→ **Work item**:
Reproduce the listing in full. Omit the pictures.

### Available records ###

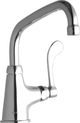 Elkay Chrome Single Hole Single Control Faucet with 8" Arc Tube Spout and 4" Wristblade Handle-0
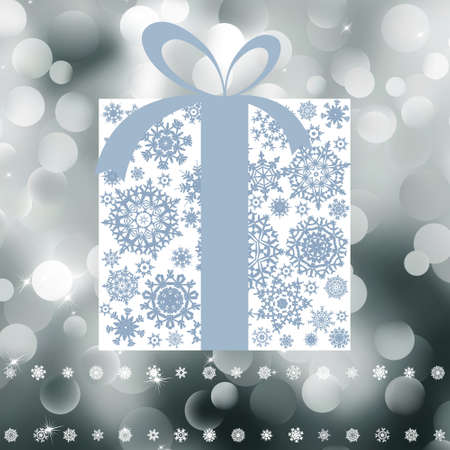 Christmas gift box with copy space card. のイラスト素材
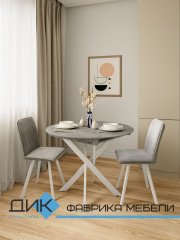 Обеденная зона: Стол DikLine RDB100 со стульями Dikline 202 (2шт.)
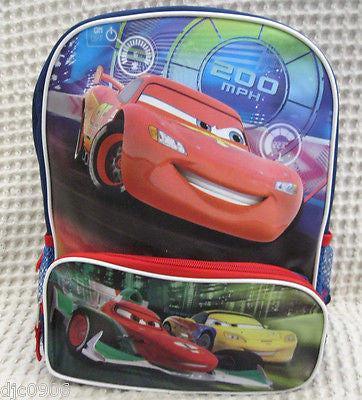 Disney Pixar The Cars McQueen and Friends Racing 12" Backpack Book Bag-New!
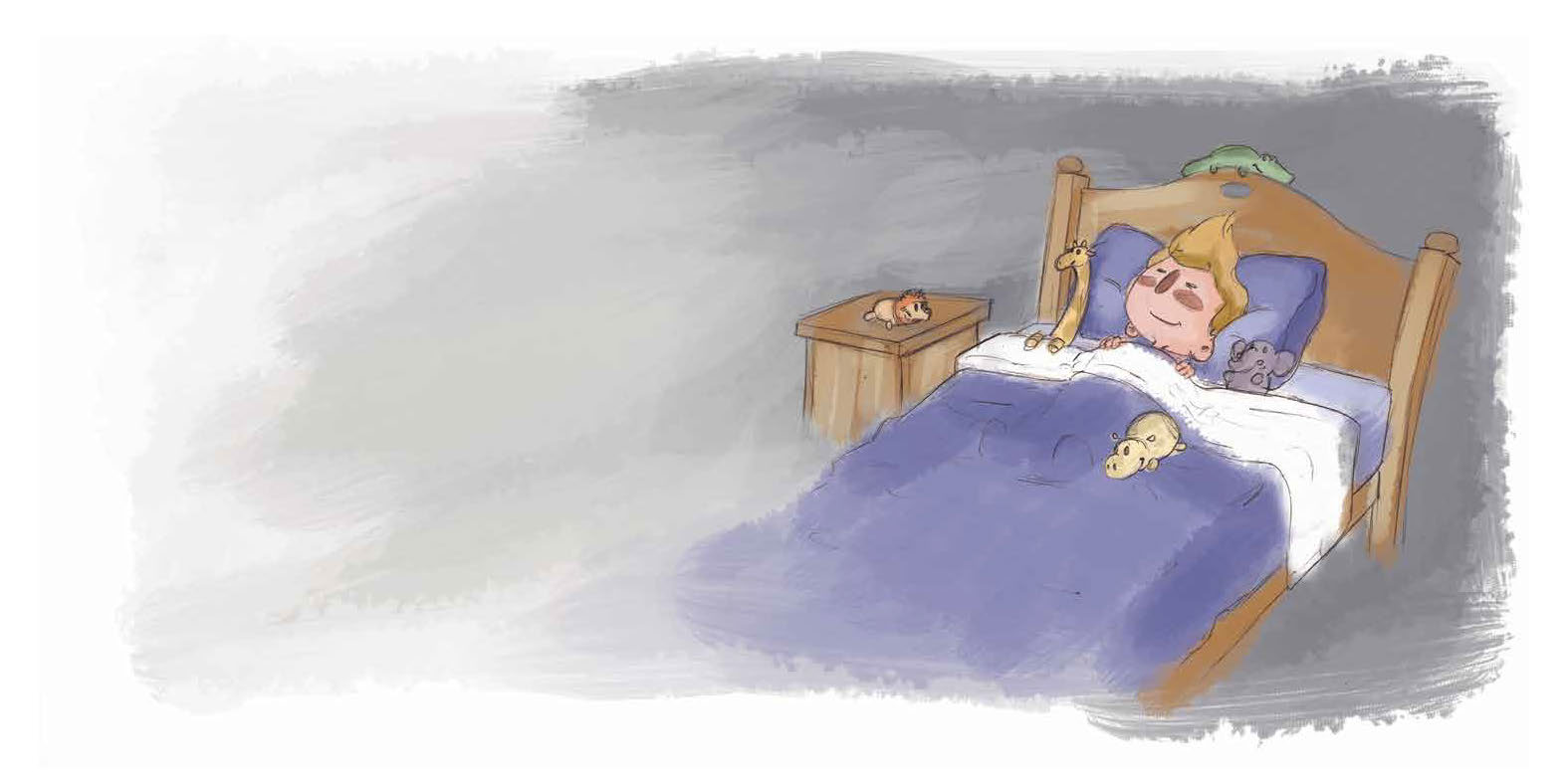 Jack is fast asleep in bed surrounded by his toy animals.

###

→ **Exercise result**:
 Elkay Chrome Single Hole Single Control Faucet with 8" Arc Tube Spout and 4" Wristblade Handle-0
 Christmas gift box with copy space card. のイラスト素材
 Обеденная зона: Стол DikLine RDB100 со стульями Dikline 202 (2шт.)
 Disney Pixar The Cars McQueen and Friends Racing 12" Backpack Book Bag-New!
 Jack is fast asleep in bed surrounded by his toy animals.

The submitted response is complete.